Auf der zentralen Piazza del Popolo in Rom, dem Platz des Volkes, warten Tausende Männer und Frauen geduldig, im Hintergrund läuft eingängige Musik – Canzoni, die hier jede und jeder kennt.
Die Parteichefs von Forza italia, Lega und Fratelli d'Italia verspäten sich um eine ganze Stunde. Doch das stört niemanden. Alle wollen nochmals hören, was Forza-Chef Silvio Berlusconi, Lega-Chef Matteo Salvini und Fratelli-Chefin Giorgia Meloni zu sagen haben.
Viele der Anwesenden sind wegen Meloni hier, der Spitzenkandidatin im rechten Lager. Nur sie könne dafür sorgen, dass sich endlich etwas ändere im Land, sagt der 73-jährige Matteo.
Viele Fahnen der Fratelli d'Italia
«Cambiamento» – Veränderung – ist den Anhängerinnen und Anhängern der Rechtsparteien besonders wichtig. Sie haben genug von den linken Regierungen und parteiübergreifenden Regierungen, die von Technokraten und Experten geführt werden. Wie jene von Mario Draghi.
Ich will ein Italien, in dem hart arbeitende Menschen nicht verarmen, nur weil der Staat übermässig viele Steuern verlangt.
Auf der Piazza del Popolo werden auffällig viele Fahnen der postfaschistischen Fratelli d'Italia geschwenkt.

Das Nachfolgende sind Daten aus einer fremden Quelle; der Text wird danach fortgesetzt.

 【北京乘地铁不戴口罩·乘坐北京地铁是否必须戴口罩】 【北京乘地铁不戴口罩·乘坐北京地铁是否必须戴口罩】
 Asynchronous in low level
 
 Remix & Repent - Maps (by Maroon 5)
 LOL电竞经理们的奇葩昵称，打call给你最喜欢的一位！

Mitorganisiert von Maria Grazia Cacciamani, eingeschriebenes Parteimitglied und langjährige Weggefährtin von Giorgia Meloni. «Giorgia hat es verdient als erste Frau des modernen Italiens Regierungschefin zu werden», sagt sie.

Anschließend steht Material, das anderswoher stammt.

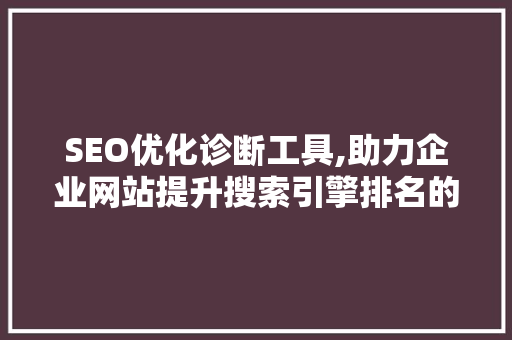 SEO优化诊断工具,助力企业网站提升搜索引擎排名的秘密武器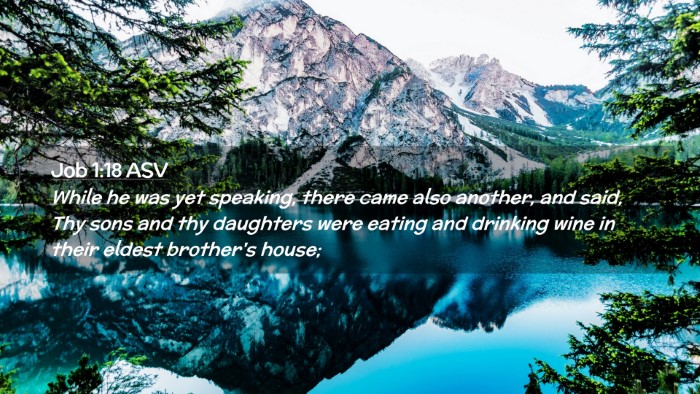 Picture 02 - Job 1:18 ASV Desktop Wallpaper - While he was yet speaking, there came also - Desktop Bible Verse Wallpaper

Meloni sei kohärent geblieben, habe nie die Meinung gewechselt, sei ihren konservativen Positionen loyal geblieben, sei in ihrer Haltung seit Jahren ehrlich.
Den Anhängerinnen und Anhängern von Meloni ist das wichtig, wie auch die 57-jährige Elisabetta betont. Sie stammt aus einer Römer Richter-Familie. Für sie ist eine Frau an der Spitze der Regierung Nebensache. Wichtig sei die klare Haltung.
Der grosse Moment ist da
Und dann ist er da, der Moment, auf den Tausende gewartet haben: Auf der grossen Bühne stehen Meloni, Berlusconi und Salvini. Alle drei hoffen am Sonntag auf einen überwältigenden Sieg. Das deckt sich mit den Umfragen bis vor wenigen Tagen.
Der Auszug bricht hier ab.